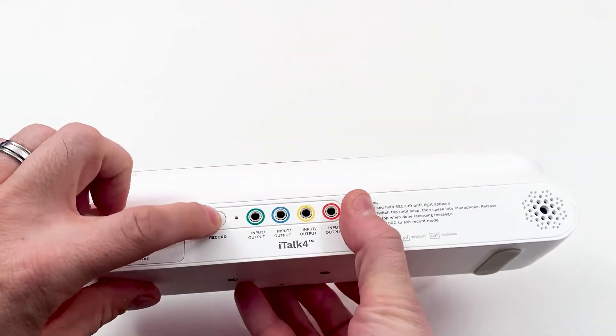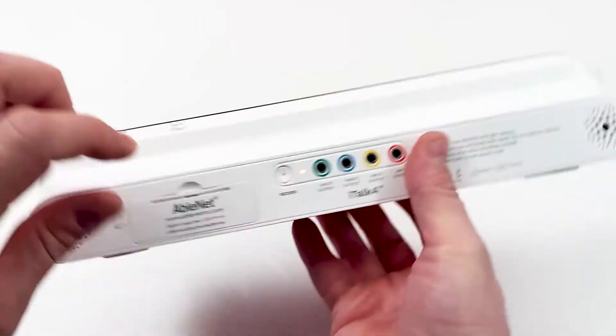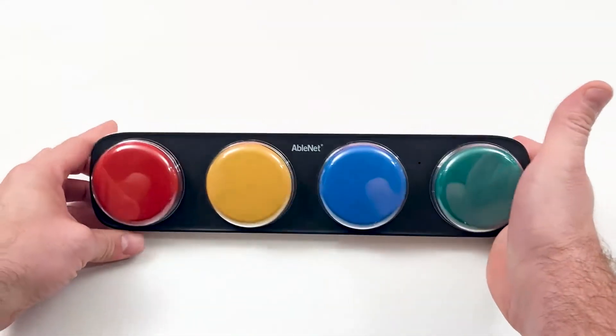With the level selected, I can now record my messages. I'll hold the record button until the recording indicator light lights up, then record the messages.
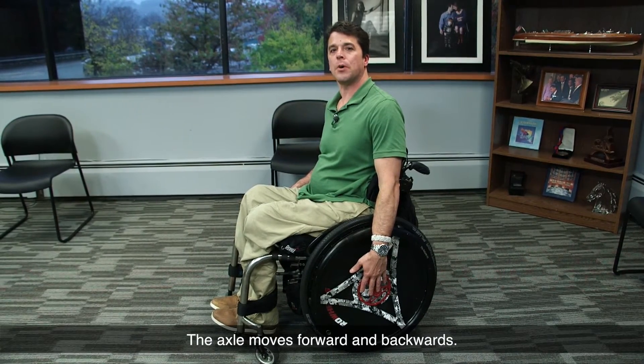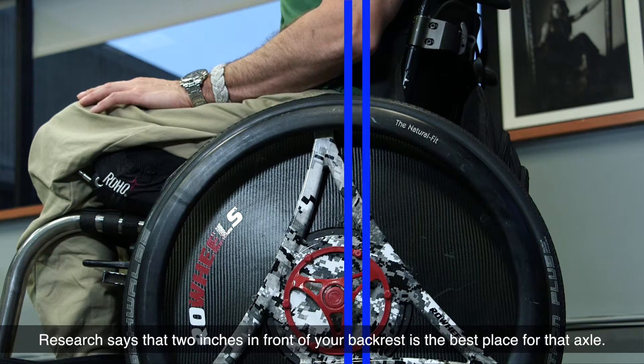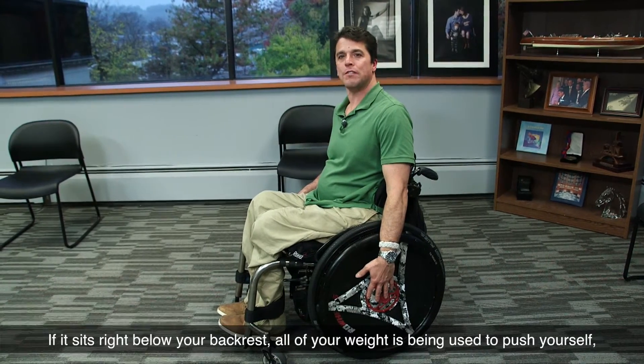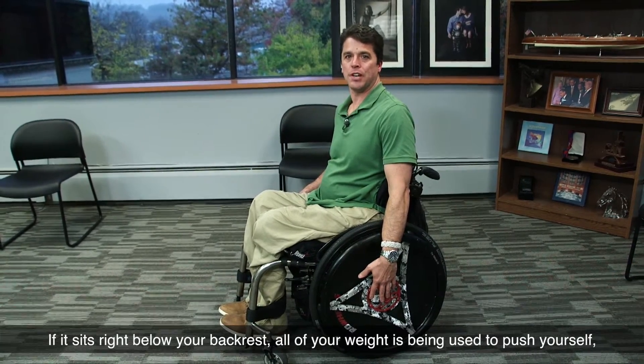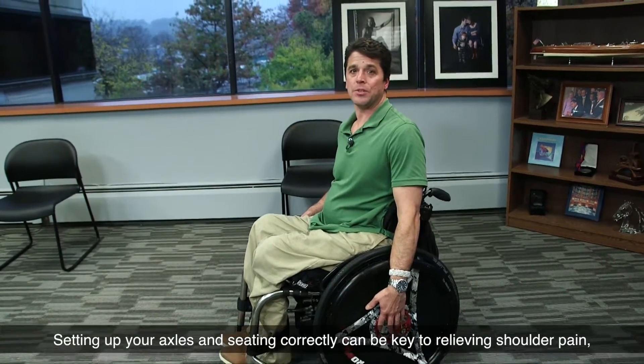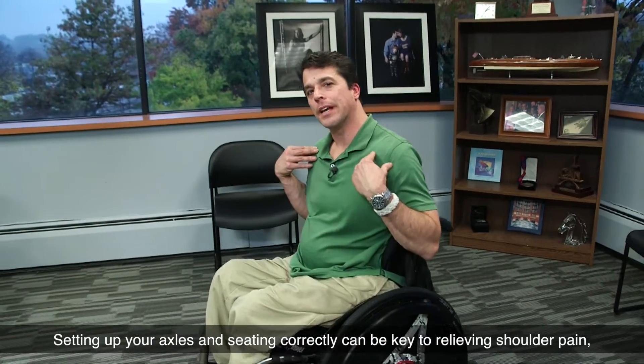The axle moves forward and backwards. Research says that two inches in front of your backrest is the best place for that axle. If it sits right below your backrest, all of your weight is being used to push yourself, and you are thus working too hard to move. Setting up your axles and seating correctly can be key to relieving shoulder pain.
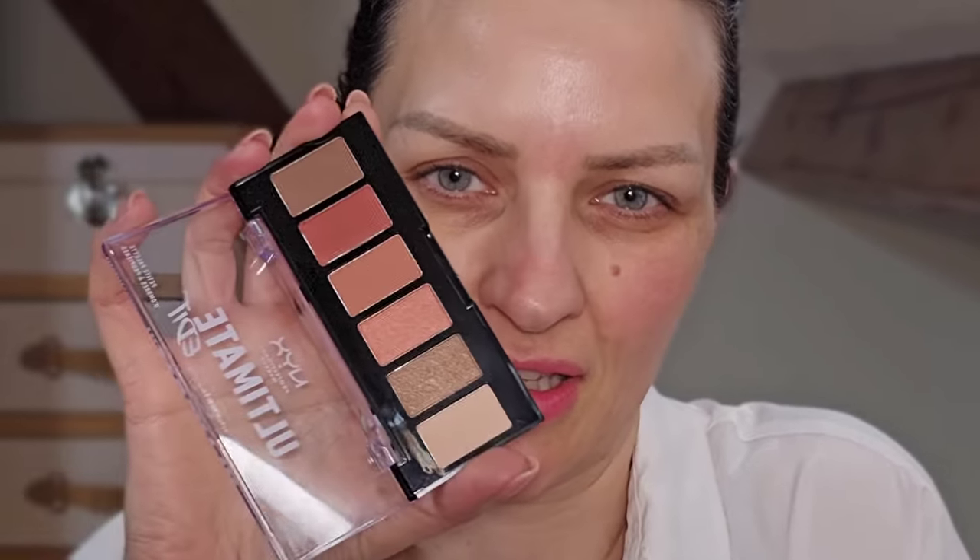Hi! So I thought we'd do an eye look with this NYX palette that I bought from Boots. It's called the Ultimate Edit. I actually bought two the other day because I want there to be an equal mix of stuff that I use. I do really like NYX — I love their lip liners and their eyebrow pens are really good. So I thought I'd try something I haven't tried before.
----------------
(Prompt) The whole listing is to be duplicated verbatim, apart from its images.

(Response)
With the level selected, I can now record my messages. I'll hold the record button until the recording indicator light lights up, then record the messages.
The axle moves forward and backwards. Research says that two inches in front of your backrest is the best place for that axle. If it sits right below your backrest, all of your weight is being used to push yourself, and you are thus working too hard to move. Setting up your axles and seating correctly can be key to relieving shoulder pain.
Hi! So I thought we'd do an eye look with this NYX palette that I bought from Boots. It's called the Ultimate Edit. I actually bought two the other day because I want there to be an equal mix of stuff that I use. I do really like NYX — I love their lip liners and their eyebrow pens are really good. So I thought I'd try something I haven't tried before.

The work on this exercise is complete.